Nel mirino il filosofo che sogna l'Eurasia. E il messaggio a Putin. "Nessuno è al sicuro"

Fanatico ultra nazionalista e grande sponsor della guerra. Colpire Dugin significa minacciare la cerchia più ristretta dello Zar

Nel mirino il filosofo che sogna l'Eurasia. E il messaggio a Putin. "Nessuno è al sicuro"

Da Kiev giurano di non entrarci per nulla. Non siamo uno Stato terrorista come la Russia, spiegano. Tutto è possibile, per carità. Anche che Aleksandr Dugin, l'ideologo della destra ultranazionalista russa che ha iniziato Vladimir Putin alle visioni imperial-tradizionaliste e al concetto ambiguo di Eurasia, abbia rischiato di seguire sua figlia Darya all'altro mondo in seguito a un regolamento di conti tra élite di potere moscovite: il personaggio è scomodo, e gli appetiti nei dintorni del Cremlino sono molto robusti. Rimane il fatto che la vecchia legge del cui prodest? orienta i sospetti verso l'Ucraina. Dugin, il fanatico negatore del diritto stesso degli ucraini di essere un popolo distinto da quello russo, istigatore insieme a sua figlia dell'aggressione militare a quello Stato amico dell'esecrato Occidente, è visto a Kiev come mandante e responsabile, non meno di Putin, dei massacri e delle devastazioni che quel popolo fierissimo di esserlo subisce da sei mesi. E l'attentato contro i Dugin, padre e figlia, ha tutta l'aria di essere un messaggio fortissimo al dittatore del Cremlino: nessun luogo è più sicuro per te, né la Crimea che hai annesso né la stessa Mosca. Se non possiamo colpire te, colpiremo chi ti consiglia e ti sostiene, adesso sai che possiamo farlo.

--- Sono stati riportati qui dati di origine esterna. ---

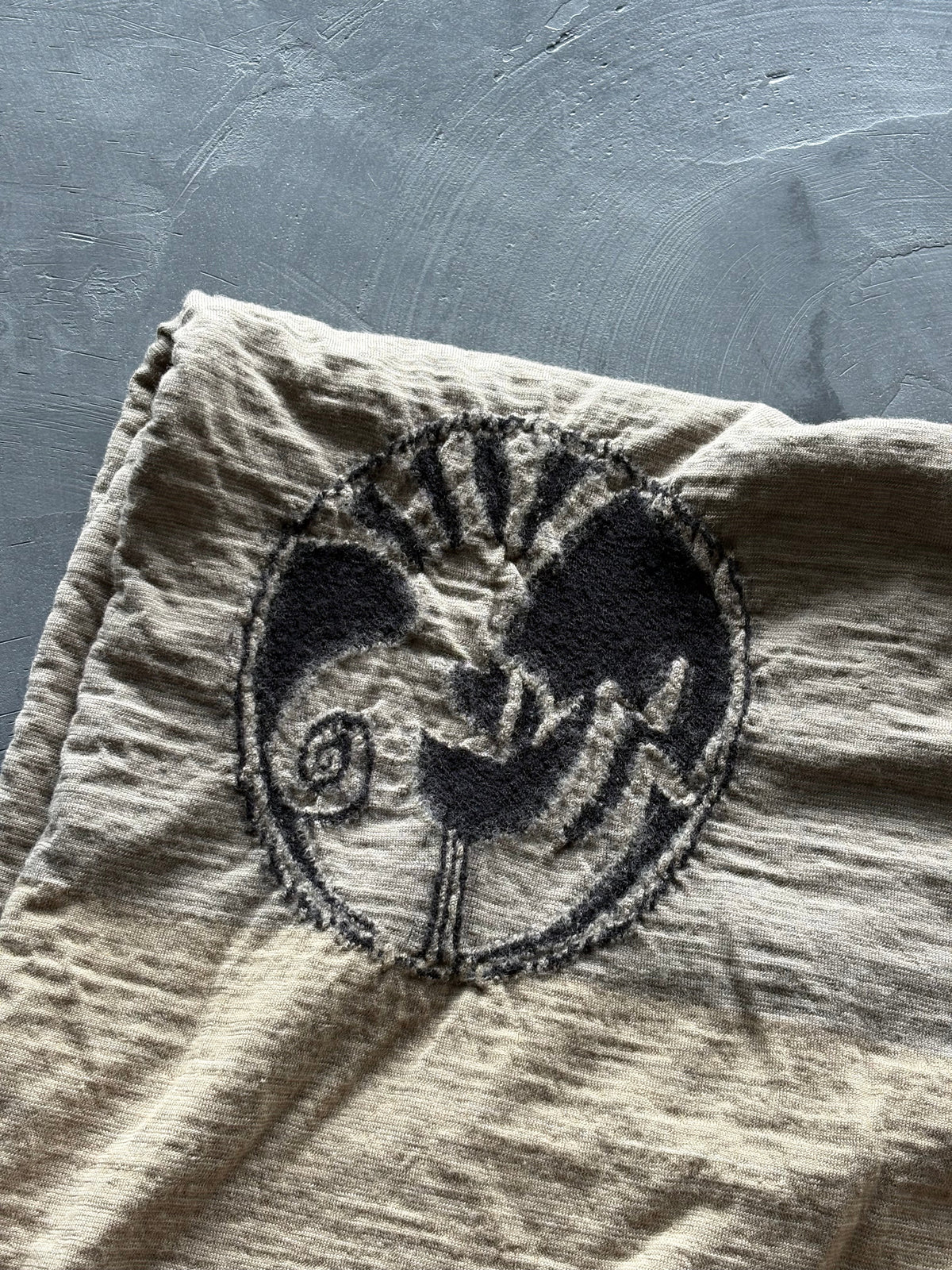 Beige Stole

È importante capire che Aleksandr Dugin, sessant'anni, e sua figlia Darya, che ne aveva trenta, sono due personaggi di primissimo piano sulla scena del potere in Russia. Erano talmente sintonizzati nel loro estremismo che è logico pensare che chi ha ordito l'attentato puntasse a eliminarli insieme. Darya Dugina si occupava di geopolitica e dirigeva un sito (United World International, in sigla UWI) di disinformazione riconducibile a Yevgeni Prigozhin, vicinissimo a Putin e noto tra l'altro per essere al vertice delle famigerate milizie mercenarie russe Wagner, attive sul fronte ucraino. Su UWI si parlava volentieri di politica italiana: in un post di cinque giorni fa il premier Draghi veniva attaccato come «collaborazionista degli americani», si criticava Giorgia Meloni per il suo ostentato atlantismo e si suggeriva agli elettori di votare per movimenti antisistema.

Quando parlava di Ucraina, Darya Dugina riprendeva alla lettera il Dugin-pensiero: gli ucraini, aveva scritto una volta, sono «subumani che devono essere conquistati». Un linguaggio che sarebbe piaciuto ad Adolf Hitler. E in effetti, Aleksandr Dugin è la prova vivente dell'ipocrisia di Vladimir Putin quando sostiene la necessità di «denazificare l'Ucraina». Il fanatico filosofo Dugin è infatti colui che ha avvicinato Putin alle idee di Ivan Ilyin, il pensatore filonazista russo teorico di una Russia Eterna guidata da un «Leader redentore» con il diritto-dovere di azzerare le libertà individuali dei suoi cittadini-sudditi, cui spetta invece il dovere categorico di combattere le guerre da lui scatenate per la grandezza della Patria. Putin fu così colpito da decidere di far rimpatriare nel 2005 dalla Svizzera le spoglie di Ilyin (morto nel 1954 dopo esser vissuto nel Terzo Reich fino al 1938) e far loro dare sepoltura solenne. Non gli importava che Ilyin fosse stato un fervente antisovietico, come del resto lo stesso Dugin, che già in gioventù ostentava simpatie fasciste, antisemitismo e ostilità verso «l'Occidente impuro».

Tra i maestri politici di Dugin figura il teorico francese della destra tradizionalista Alain de Benoist, e quando ha presentato i suoi libri in Italia, le conferenze sono state organizzate da circoli neofascisti.

Con il da poco defunto Eduard Limonov, Dugin aveva anche fondato il partito Bolscevico-nazionale, che teneva insieme il peggio degli estremismi di destra e di sinistra russi: un sincretismo politico che Putin ha ripreso nella sua propaganda nazionalistica che fonde la nostalgia zarista con quella per l'Unione Sovietica e perfino per Stalin, presentati non come espressioni del comunismo, ma come esempi di grandezza nazionale. Propaganda che viene ammannita oggi in Russia obbligatoriamente già sui banchi delle elementari.